# Easy Naive Bayes model

This Python notebook is about a simple Naive Bayes model implementation applied to The Spam Filtering problem. The dataset used is the <b> SpamAssassin public corpus </b> (https://spamassassin.apache.org/old/publiccorpus/, look for the three files under the prefix 20021010).   

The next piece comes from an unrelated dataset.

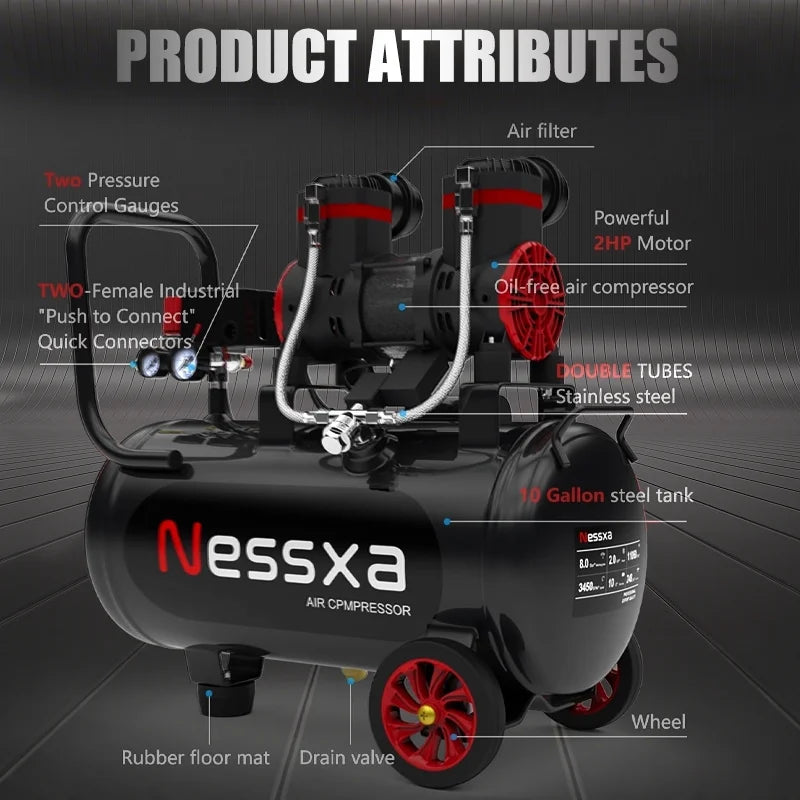 EAYSG 8 Gallon Ultra Quiet Air Compressor, 1.5HP 4.52 CFM Oil-Free, 115 PSI Max, 110V Portable Air Compressor with Tank for Car Repair, Spray Painting, Nailing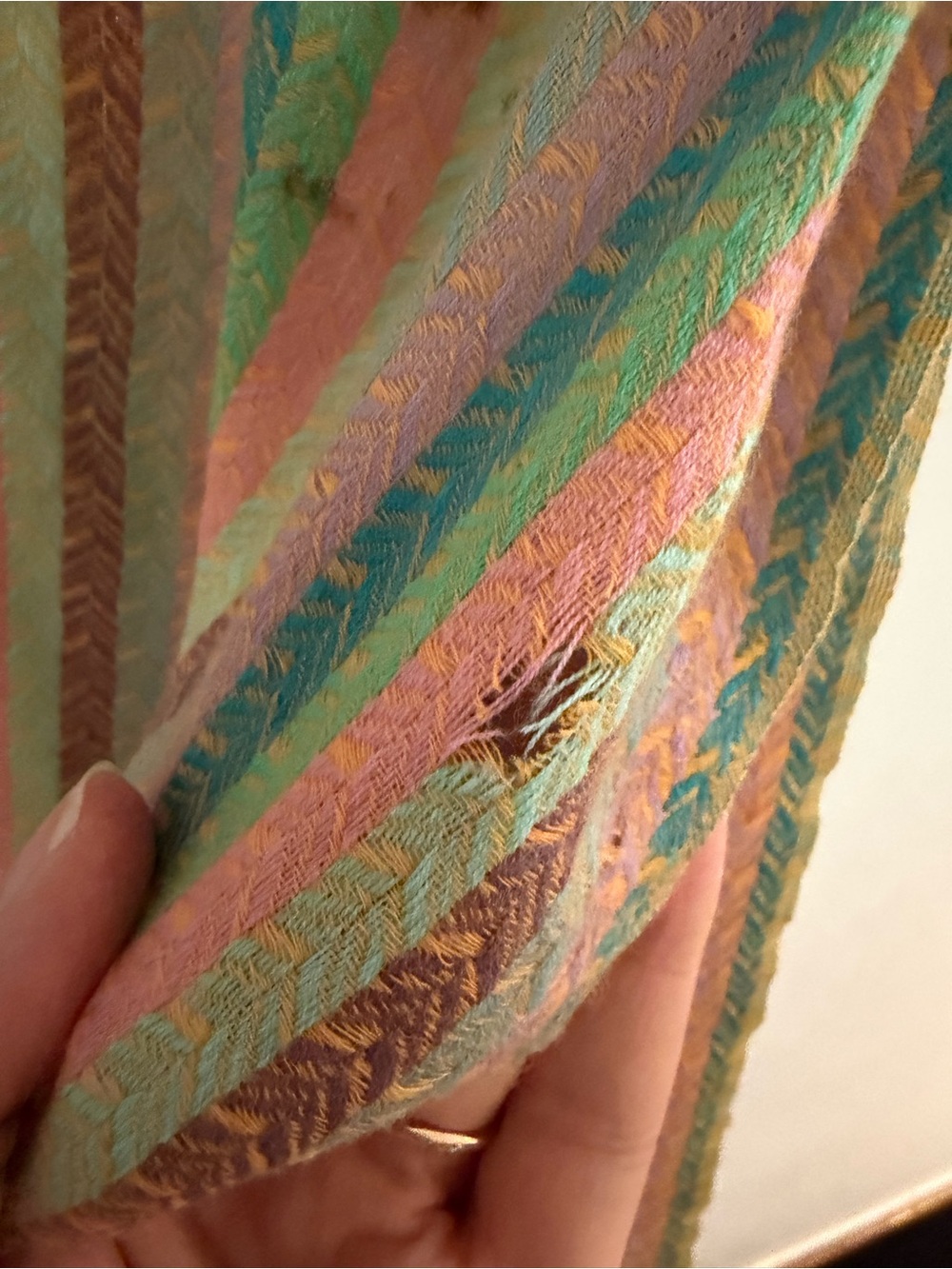 Pastel Stripe Wool + Silk Blend Scarf/Shawl - Picture 5 of 5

To test the model, after extracting the data you should have three folders: <b> spam</b>, <b>easy_ham</b>, and <b>hard_ham</b>. Each folder contains many emails, each contained in a single file. To keep things really simple, we’ll just look at the subject lines of each email.

## Step 1: tokenization

Let’s create a simple function to tokenize messages into distinct words. We’ll first convert each message to lowercase, then we'll use `re.findall()` to extract “words” (strings) consisting of letters, numbers, and apostrophes. Finally we will use `set()` to get just the distinct words.

In [1]:
def tokenize(message):
    message = message.lower()                     # convert to lowercase
    all_words = re.findall("[a-z0-9']+", message) # extract the words
    
    return set(all_words)                         # remove duplicates

The next function will count the words in a set of labeled messages (the training set) and it will return a dictionary where each key-value pair has the form `(word, [spam_count, non_spam_count])`.

In [2]:
from collections import defaultdict

def count_words(training_set):
    """training set consists of pairs (message, is_spam)"""
    counts = defaultdict(lambda: [0, 0])
    for message, is_spam in training_set:
        for word in tokenize(message): # for each word
            # increase the word count according to 
            # spam/non-spam condition
            counts[word][0 if is_spam else 1] += 1
    
    return counts

### The Naive Bayes assumption

Consider am email message $E$ containing words $w_1,\dots,w_n$. The probability of receiving the email $E$ is equal to the probability of receiving the list of words $w_1, \dots, w_n$

$$\mathrm{Pr}(w_1,\dots,w_n)\,.$$

This probability is impossible to evaluate in practice because if the email contains a large number of words, then one needs a huge training set containing all the possible combinations of the probabilities of words in the email. Even if we had a reasonably large dataset, it would be still very unlikely for us to find all the possible combinations everytime we receive a new email. But we can roughly overcome this issue if we consider the following (very strong) <b>assumption</b>:

$$\mathrm{Pr}(w_1,\dots,w_n) = \mathrm{Pr}(w_1) \cdots \mathrm{Pr}(w_n) \,.$$

This means that the words in the email are <b>independent</b> of each other and randomly displayed in the email. Despite this assumption is clearly <b>false</b> in most real-world cases, Naive Bayes often performs classification very well.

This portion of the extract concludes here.